PDA

View Full Version : Tail recursion optimization?



Vandalf
17-03-2017, 03:23
I have a tail recursive piece of code that could potentially call itself recursively up to thousands of times, and overall be executed up to millions of times each time the program is run. This raises some concerns regarding performance, and the size of the stack available to thinBasic.
That's why I have these questions:

Does thinBasic optimize/eliminate tail recursive calls?
If the answer to the previous is no, do I run the risk of overflowing the stack, if the function I'm talking about takes one potentially 240-character long string, one 6-character long string, and one dword as arguments?
Is there any profiling information available regarding the FILE_Exists function from the FILE module? My recursive function involves it, so it could be called millions of times as well. I would like to have even a rough estimate as to how long it takes.



This is the code:

uses "FILE"
$myseparator = "_-"

Function uniquefilename(unsafe As String) As String
If Not FILE_Exists(unsafe) Then Return unsafe
Return sequencefilename(getpathandfilename(unsafe), getdotext(unsafe),0)
End Function

Function sequencefilename(filename As String, dotext As String,_
seqnum As DWord) As String
If Not FILE_Exists(filename & $myseparator & tob32(seqnum) &
dotext) Then _
Return filename & $myseparator & tob32(seqnum) & dotext
Return sequencefilename(filename,dotext,seqnum+1)
End Function
tob32 is a function that encodes a number as a base 32 string. As for the other functions, getpathandfilename and getdotext, well, you can probably imagine what they do.

ErosOlmi
17-03-2017, 07:36
Ciao,

recursion is always a possible source of problems and will for sure slow down execution due to the necessity to allocate/deallocate local functions stack in a controlled way.
thinBasic does not creates real compiled machine code applications so the way it handle local stack is completely different from compiled applications.
In thinBasic stacks are an array of pointers (one for each stacked call to a function) to hash tables created/destroyed on the fly in heap memory, the same memory used by any other allocated variable.
Every function call has its own hash table used to keep track of function local variables and parameters.

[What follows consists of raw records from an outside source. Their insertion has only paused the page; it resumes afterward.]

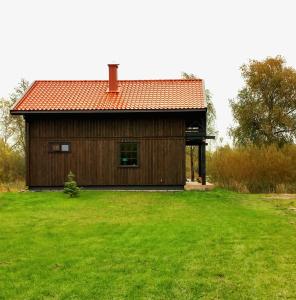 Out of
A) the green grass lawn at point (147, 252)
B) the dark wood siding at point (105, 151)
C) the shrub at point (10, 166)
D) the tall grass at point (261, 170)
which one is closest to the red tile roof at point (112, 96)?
the dark wood siding at point (105, 151)

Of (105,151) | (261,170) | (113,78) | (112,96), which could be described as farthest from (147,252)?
(261,170)

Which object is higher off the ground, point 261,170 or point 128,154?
point 128,154

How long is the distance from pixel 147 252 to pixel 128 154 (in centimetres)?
1241

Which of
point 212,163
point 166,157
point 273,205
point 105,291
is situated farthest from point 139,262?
point 212,163

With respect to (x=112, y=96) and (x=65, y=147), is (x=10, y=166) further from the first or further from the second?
(x=112, y=96)

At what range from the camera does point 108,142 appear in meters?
20.5

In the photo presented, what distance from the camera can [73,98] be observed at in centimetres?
2156

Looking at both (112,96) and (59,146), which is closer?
(59,146)

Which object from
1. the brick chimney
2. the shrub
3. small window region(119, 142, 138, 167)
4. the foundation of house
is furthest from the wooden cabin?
the shrub

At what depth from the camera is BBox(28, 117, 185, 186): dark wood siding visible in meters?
20.4

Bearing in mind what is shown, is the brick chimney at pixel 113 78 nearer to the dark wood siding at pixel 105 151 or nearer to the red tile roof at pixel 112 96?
the red tile roof at pixel 112 96

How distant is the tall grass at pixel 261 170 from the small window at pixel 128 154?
5.31 meters

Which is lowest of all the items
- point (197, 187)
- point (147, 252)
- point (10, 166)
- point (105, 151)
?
point (147, 252)

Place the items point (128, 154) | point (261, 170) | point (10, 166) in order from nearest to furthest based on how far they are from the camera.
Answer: point (128, 154), point (261, 170), point (10, 166) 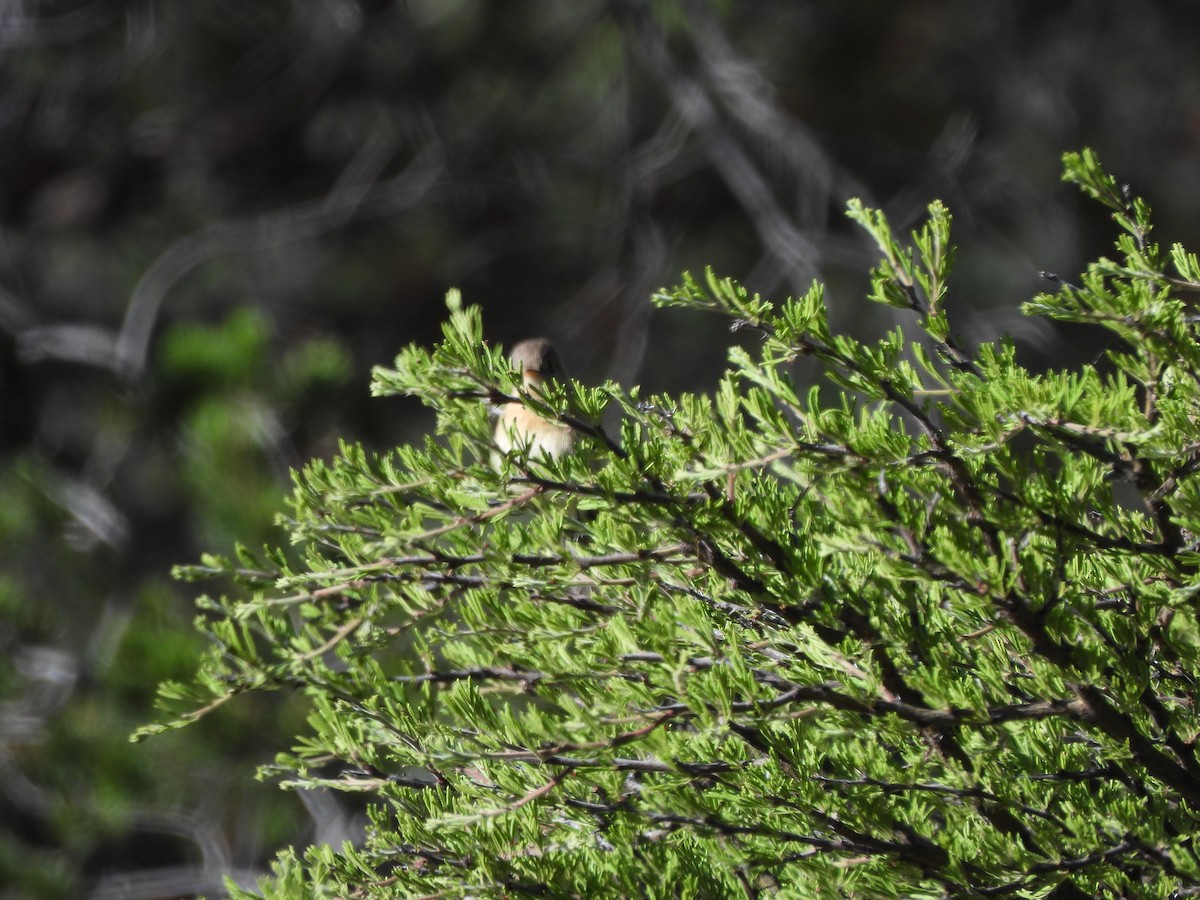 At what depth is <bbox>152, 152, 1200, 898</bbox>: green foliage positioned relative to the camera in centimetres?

That said, you need to make your tests in a test controlled environment and see what happen.
Factors that can influence thinBasic capability to resists to many recursive calls and speed execution are many.
On speed execution we can work to try to optimize it in some way (for example developing external compiled DLL to do part of the job)

To your questions:

no optimization takes place on recursive functions
that risk is always there. Influenced factors are so many that is difficult to me to reply. That's why I said you need to try
I'm not aware File_Exists has some performance issue but if you suspect or have evidences that it can be optimized, I can work on it.
Internally it is developed like the following (Power Basic code):

FUNCTION File_Exists(BYVAL FullFileName AS STRING) AS LONG FUNCTION = %FALSE
IF DIR$(FullFileName, %NORMAL OR %READONLY OR %HIDDEN OR %SYSTEM) = "" THEN EXIT FUNCTION
FUNCTION = %TRUE
END FUNCTION

There are at least two point where I can optimize a bit (passing file name by reference and testing for length instead of string)


Looking at your functions maybe you can get some heklp on File_PathSplit function: http://www.thinbasic.com/public/products/thinBasic/help/html/index.html?file_pathsplit.htm
Calling a native thinBasic function is always hundred of times faster than calling script functions.

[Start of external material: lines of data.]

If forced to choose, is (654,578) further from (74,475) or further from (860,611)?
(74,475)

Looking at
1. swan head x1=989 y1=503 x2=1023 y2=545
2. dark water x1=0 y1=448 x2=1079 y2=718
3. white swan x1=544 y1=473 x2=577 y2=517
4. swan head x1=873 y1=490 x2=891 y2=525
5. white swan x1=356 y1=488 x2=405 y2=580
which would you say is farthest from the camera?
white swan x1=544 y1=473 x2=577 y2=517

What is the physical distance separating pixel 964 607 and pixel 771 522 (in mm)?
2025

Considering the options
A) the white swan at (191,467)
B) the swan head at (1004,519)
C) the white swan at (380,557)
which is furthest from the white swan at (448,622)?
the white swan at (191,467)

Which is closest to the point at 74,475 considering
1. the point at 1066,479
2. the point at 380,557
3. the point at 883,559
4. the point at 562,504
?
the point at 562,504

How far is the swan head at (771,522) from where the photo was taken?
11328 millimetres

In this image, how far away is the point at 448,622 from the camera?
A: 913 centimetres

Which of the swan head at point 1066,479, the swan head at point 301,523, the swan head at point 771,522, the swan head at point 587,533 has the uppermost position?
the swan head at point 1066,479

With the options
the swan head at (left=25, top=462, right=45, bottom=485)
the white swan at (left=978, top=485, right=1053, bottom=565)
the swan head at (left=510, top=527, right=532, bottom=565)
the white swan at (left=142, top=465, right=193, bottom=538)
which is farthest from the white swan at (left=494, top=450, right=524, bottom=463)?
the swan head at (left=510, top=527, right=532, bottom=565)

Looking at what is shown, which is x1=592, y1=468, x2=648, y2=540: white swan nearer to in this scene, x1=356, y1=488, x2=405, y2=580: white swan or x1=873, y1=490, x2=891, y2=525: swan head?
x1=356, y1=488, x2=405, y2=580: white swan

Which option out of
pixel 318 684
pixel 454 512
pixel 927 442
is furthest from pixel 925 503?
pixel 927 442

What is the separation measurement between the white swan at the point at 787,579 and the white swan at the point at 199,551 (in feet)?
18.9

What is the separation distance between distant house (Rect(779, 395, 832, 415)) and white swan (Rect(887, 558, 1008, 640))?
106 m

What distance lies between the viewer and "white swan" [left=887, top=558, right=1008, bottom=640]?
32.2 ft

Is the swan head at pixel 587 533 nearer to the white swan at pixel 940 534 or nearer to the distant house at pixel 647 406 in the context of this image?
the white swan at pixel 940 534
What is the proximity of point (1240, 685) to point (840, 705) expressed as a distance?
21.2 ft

Regarding profiling, if your script does not crash due to recursion ... thinBasic has a rough profiler that can help you.
Just add the following line to your source code

#Profile on, %TRUE
and you will have the following: http://www.thinbasic.com/public/products/thinBasic/help/html/index.html?profile.htm
It measure all script function call measuring execution time.
It also save a .csv file in the same directory of your script.

Hope this can help.
Keep me informed, I will be happy to help on this massive task if I can.

Ciao
Eros

Vandalf
17-03-2017, 10:29
Thanks, Eros, for the advice about the File_Pathsplit function, and for the insight into how thinBasic operates internally. From your reply, I figure that a typical program would be more likely to run out of heap memory altogether, long before it could overflow the stack.

I have to suggest, then, a seemingly easy optimization for tail calls (not just tail recursive): destroy the previous "local stack" and its pointer, and replace it with a pointer to the new local stack. This could decrease memory usage dramatically, at perhaps a slightly increased runtime cost (the time thinBasic takes to figure out if a call is a tail call or not). Or perhaps a "TAIL" or "tailcall" keyword could be introduced, to indicate to thinBasic that this optimization can be done on a given function or call.
Though I don't know if this would be actually easy to implement in thinBasic.

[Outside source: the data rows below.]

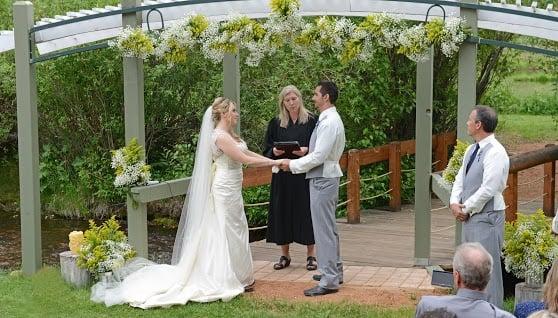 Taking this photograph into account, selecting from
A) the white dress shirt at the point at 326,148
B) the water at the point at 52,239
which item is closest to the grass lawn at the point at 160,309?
the white dress shirt at the point at 326,148

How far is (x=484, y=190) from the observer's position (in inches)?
257

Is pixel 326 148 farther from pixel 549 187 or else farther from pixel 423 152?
pixel 549 187

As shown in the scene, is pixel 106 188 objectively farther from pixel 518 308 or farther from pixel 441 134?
pixel 518 308

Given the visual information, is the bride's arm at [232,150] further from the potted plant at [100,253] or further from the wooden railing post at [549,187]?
the wooden railing post at [549,187]

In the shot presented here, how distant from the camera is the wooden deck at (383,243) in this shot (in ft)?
30.0

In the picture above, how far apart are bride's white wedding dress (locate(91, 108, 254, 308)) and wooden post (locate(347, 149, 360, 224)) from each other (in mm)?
3492

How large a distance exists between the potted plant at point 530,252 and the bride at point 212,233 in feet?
6.31

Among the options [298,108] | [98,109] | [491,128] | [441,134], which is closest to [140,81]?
[298,108]

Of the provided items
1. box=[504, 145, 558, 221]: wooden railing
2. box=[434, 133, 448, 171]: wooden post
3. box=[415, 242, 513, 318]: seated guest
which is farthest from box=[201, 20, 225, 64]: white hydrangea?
box=[434, 133, 448, 171]: wooden post

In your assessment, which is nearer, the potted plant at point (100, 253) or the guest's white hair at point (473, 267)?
the guest's white hair at point (473, 267)

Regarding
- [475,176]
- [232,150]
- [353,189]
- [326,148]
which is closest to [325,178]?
[326,148]

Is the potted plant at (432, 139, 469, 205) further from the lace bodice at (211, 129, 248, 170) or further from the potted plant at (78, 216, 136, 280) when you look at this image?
the potted plant at (78, 216, 136, 280)

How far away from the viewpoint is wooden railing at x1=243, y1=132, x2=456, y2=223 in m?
10.8

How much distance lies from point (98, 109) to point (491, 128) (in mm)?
9671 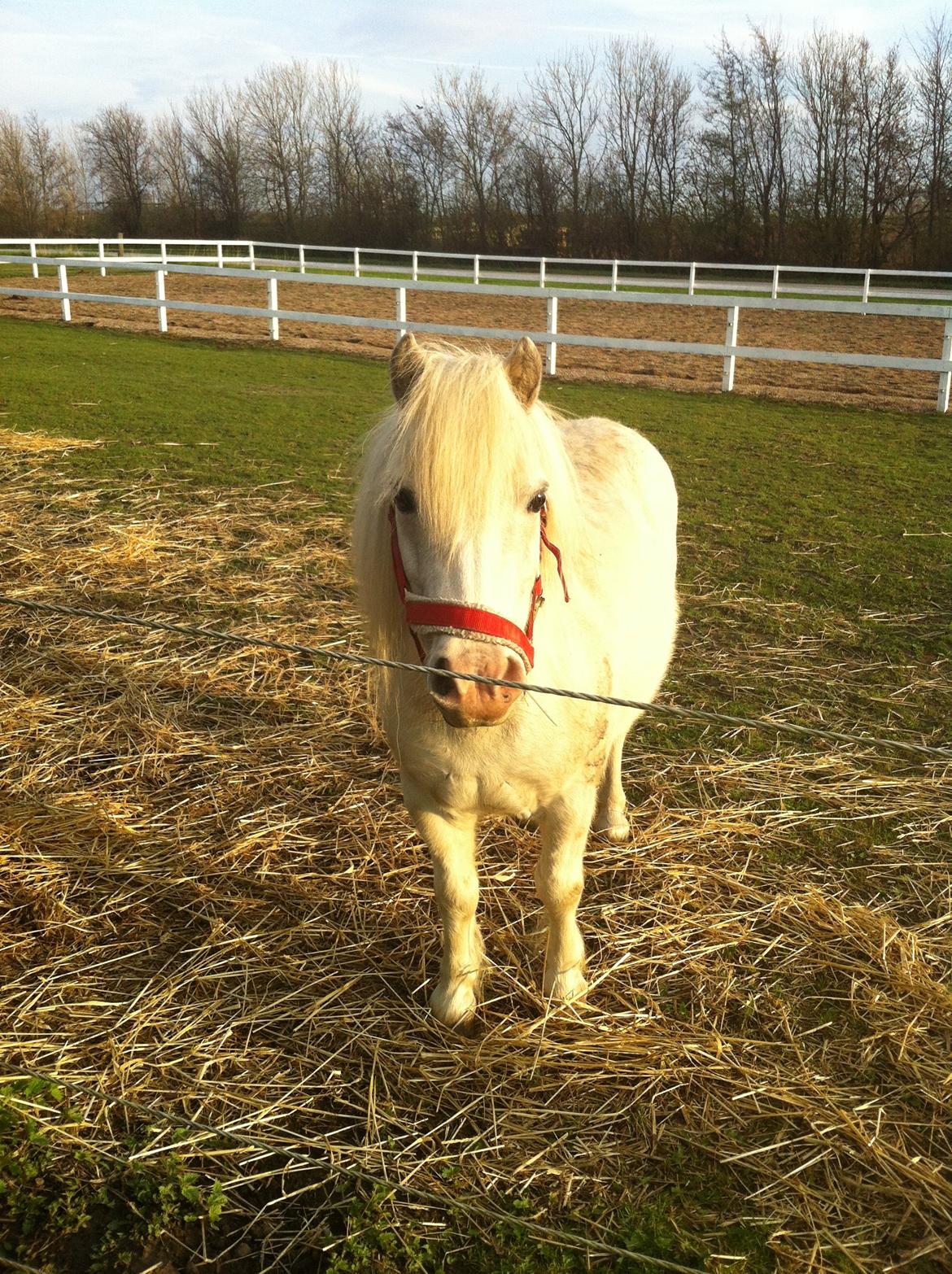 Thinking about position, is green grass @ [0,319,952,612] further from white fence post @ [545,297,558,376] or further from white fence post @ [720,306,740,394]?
white fence post @ [545,297,558,376]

As for the recursive function I posted, I expect it to typically be executed less than a hundred times each time the program runs, so optimizing it isn't as high a priority as my tone might have implied. But then, you never know when you're going to find the madman who tries to create five thousand files, all named "%HOMEPATH%\a.txt" :rolleyes:
Still, I might run some tests one of these days.

Also, congratulations and thanks for the #profile directive. That's a big win for thinBasic.

ErosOlmi
20-03-2017, 20:01
I have to suggest, then, a seemingly easy optimization for tail calls (not just tail recursive): destroy the previous "local stack" and its pointer, and replace it with a pointer to the new local stack. This could decrease memory usage dramatically, at perhaps a slightly increased runtime cost (the time thinBasic takes to figure out if a call is a tail call or not). Or perhaps a "TAIL" or "tailcall" keyword could be introduced, to indicate to thinBasic that this optimization can be done on a given function or call.
Though I don't know if this would be actually easy to implement in thinBasic.
Yes, not easy at the moment mainly for my time. I want to release new version with new IDE and working on implementing any data type inside TYPE/END TYPE. That's my priority.
But I will study a solution for tail calls.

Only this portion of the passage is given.